• La terre ne se presse pas

     
    Enfin, il y a le rythme de la terre, auquel les laboureurs se sont pliés depuis des siècles par une sorte de mimétisme si parfait que leurs attitudes, leurs gestes les plus anodins dénoncent l'un des plus vieux métiers du monde. Et cette curieuse noblesse dans le comportement physique, ce temps qu'ils prennent pour négocier avec l'espace, cette harmonie naturelle les font paraître de plus en plus balourds à mesure que l'énervement gagne le commun des mortels.

    Je connais des gens irrités par la lenteur des paysans qui circulent dans leur ville.

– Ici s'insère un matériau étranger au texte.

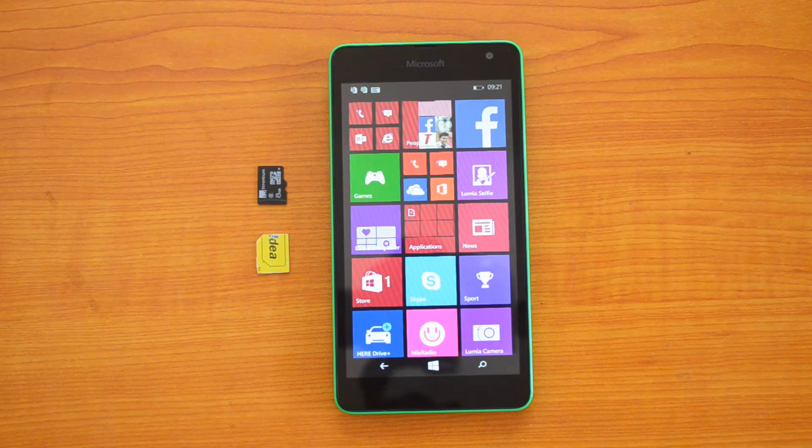Hey guys, this is Normal Here for Technique, and today we'll show you how to insert the SIM cards as well as a micro SD card into the Microsoft Lumia 535. This is a dual SIM card device and it also supports a micro SD card.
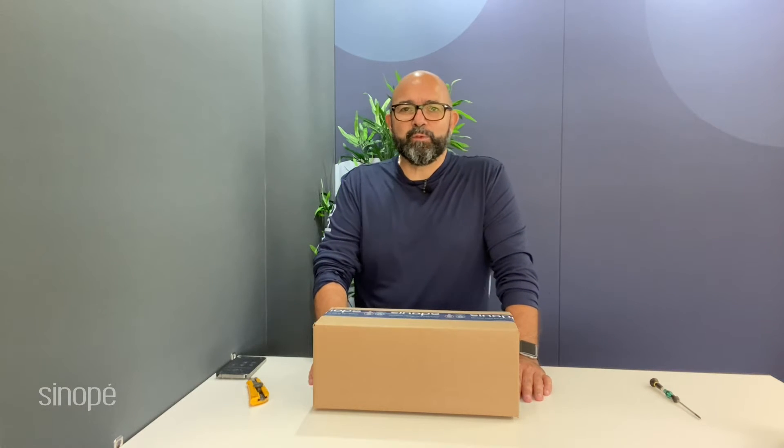Hello one and all, welcome to Sinope. My name is Ike and today we're going to be unboxing one of our most popular products. So without further ado, let's go and let's get it done.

Peut-être feraient-ils mieux de s'irriter de leur propre hâte. Nous arriveront à Noël ensemble.

    En ville, le paysan marche à son pas, c'est à dire au rythme de sa vie quotidienne, la vie des champs. Les chemins creux, les terres labourées, les prés même ne s'arpentent pas comme un trottoir de rue. Et il faut d'autres chaussures que des escarpins vernis, d'autres talons que des aiguilles.


    Sauf le cas de foire ou de marché, et encore! Le paysan en ville est un flâneur, une espèce de touriste. Il marche, il s'arrête, il observe comme un touriste sérieux. Le spectacle de la ville est son délassement et son étude à la fois. Et soyez sur qu'il n'y voit pas les mêmes choses que vous. C'est qu'il n'a pas les mêmes yeux. Les siens sont plus neufs. Toujours.

    Cette lenteur paysanne, cette admirable économie du corps qui n'est ni lourdeur ni gaucherie, est imposée par le rythme des travaux. Et ce rythme est celui du temps lui-même. L'unité de mesure est le jour, non pas l'heure. On voir rarement un paysan tirer sa montre. Il se lève avec le soleil, il finit son travail avec lui. Je sais encore des fermes où les moments des repas sont marqués par l'angélus. J'en ai fréquenté une, autrefois, où la fermière appelait les hommes à la galette ou à la bouillie en soufflant dans une corne. Les hommes revenaient sans se presser. Quand on se presse, c'est qu'il y a nécessité, urgence grave, un orage qui se prépare ou quelque chose qui brûle quelque part.

    Il y a trois sonneries de cloche avant la grand'messe pour donner le temps de se préparer, de se mettre en route, et d'arriver sans cette hâte qui compromettrait le recueillement dominical.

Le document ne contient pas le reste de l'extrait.